Which, yeah, this is still a cache. However, the important difference is that the programmer explicitly opts-in to the cache, for a specific use-case within our program, where we know we prefer the “no wire call performance” over “never stale data” trade-off.

This can be a good thing or a bad thing. It does mean more code, i.e. it’s not completely transparent like ORM-wide 2nd level caching is, where the client code doesn’t even know it’s happening. (If you want/need that, that’s fine, maybe Joist will do that someday, it just does not currently.)

Update May 2018: In retrospect, it would be cool if, while traversing the object graph, e.g. parent.getSettings(), within the grandchild’s Unit of Work, Joist could remember “oh, we loaded these ParentSettings from the parent which is in snapshot s1”, and so also put just-loaded ParentSettings into the s1 snapshot. Currently any newly-loaded objects within the grandchild Unit Of Work are only stored within that UoW, but if Joist could differentiate when to/to not store Parent-level entities into s1 and Child-level entities into s2, then all of the “hand-trigger loading of the Parent/Child object graph you know you need” would go away.

Personally, I find the more explicit snapshot approach to be, for this use case, both more intuitive and more precise than just saying “any Parent entity in the app may be ~5 minutes old”.

Sometimes implicit semantics are nice, and sometimes they’re too magical. It is a trade off that will depend on your situation.

However, I’ll note that I think often times the more implicit approach wins de facto, just because it has less LOC. This may be perfectly fine, as I’m certainly not advocating boilerplate. But abstractions have their cost (conceptual overhead, leakiness, etc.) and that sometimes you’re better off just using the more explicit approach whose semantics are easier to understand.

Future Improvements

I should add some very basic metrics to Joist to allow easy profiling, without using a full-fledged profiler. Since often times a system won’t be bottlenecked on CPU or IO, but instead always waiting on wire call latency, easily showing what the ORM is up to would be really nice.

For example, every 10-30 seconds, output the number of object loads per table, number of collection loads per table, and maybe even highlight specific objects being constantly reloaded.

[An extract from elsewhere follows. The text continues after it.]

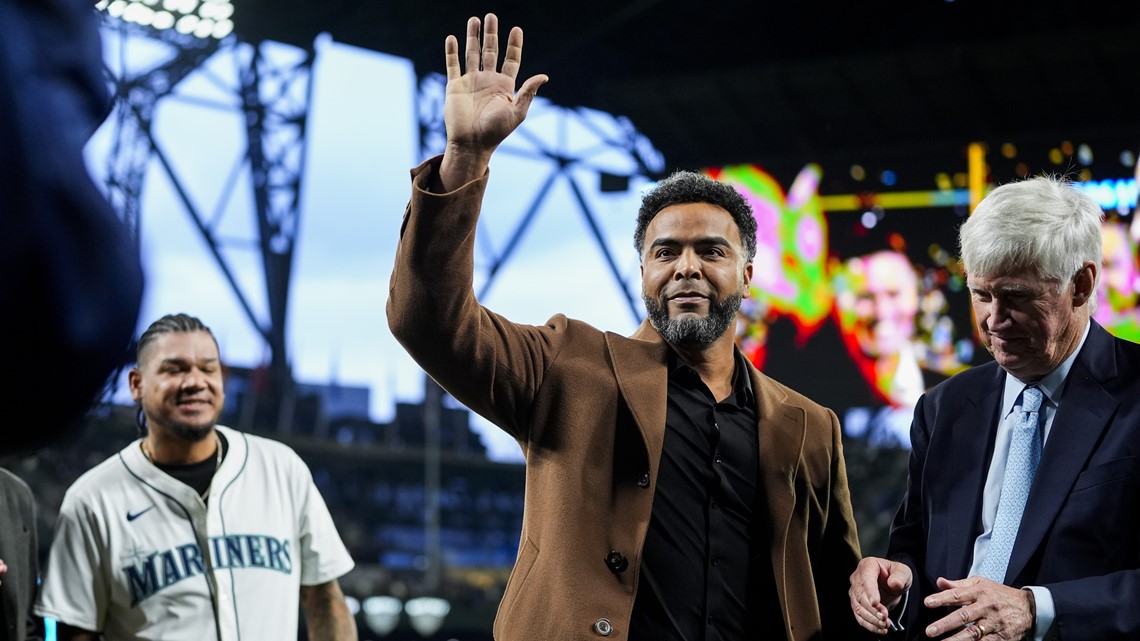 Nelson Cruz signs 1-day contract to retire with the Seattle Mariners [Video]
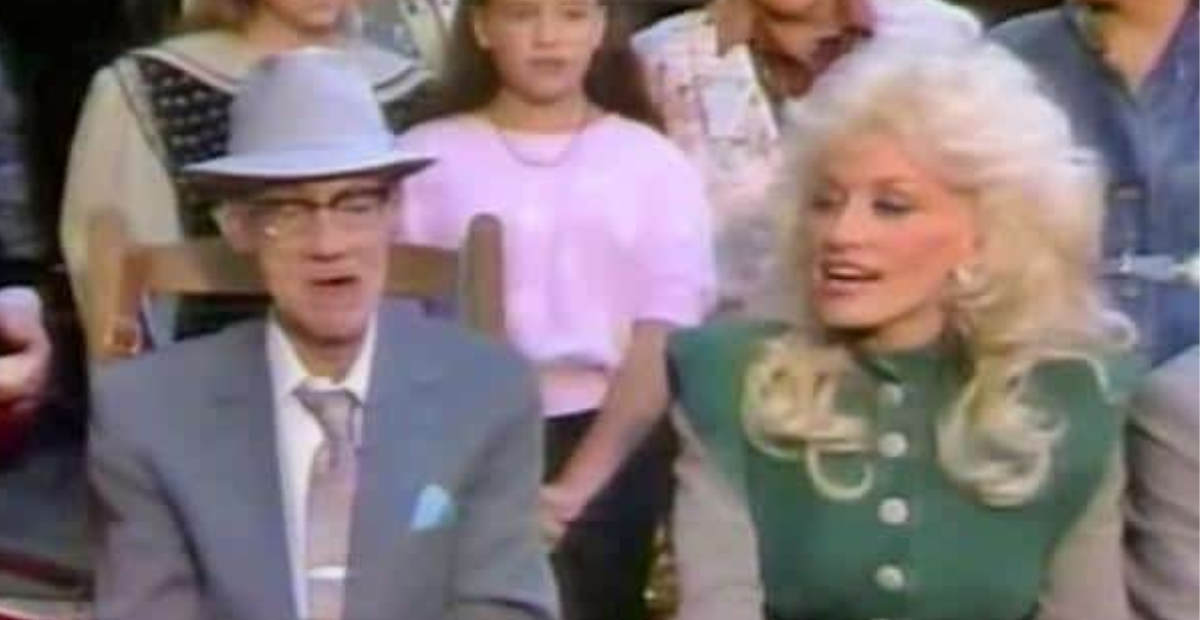 Dolly Parton performs "Amazing Grace" with her grandfather, Jake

E.g., for the original code snippet above, if Parent#5 showed up in Joist’s stats as being loaded more than 5-10/whatever times per 30-second interval, Joist could log an info/warning that the programmer might look into applying snapshot-style caching.

That should make hunting down ORM-level waste, or at least the low-hanging fruit that hopefully is 80% of the performance problem, pretty easy.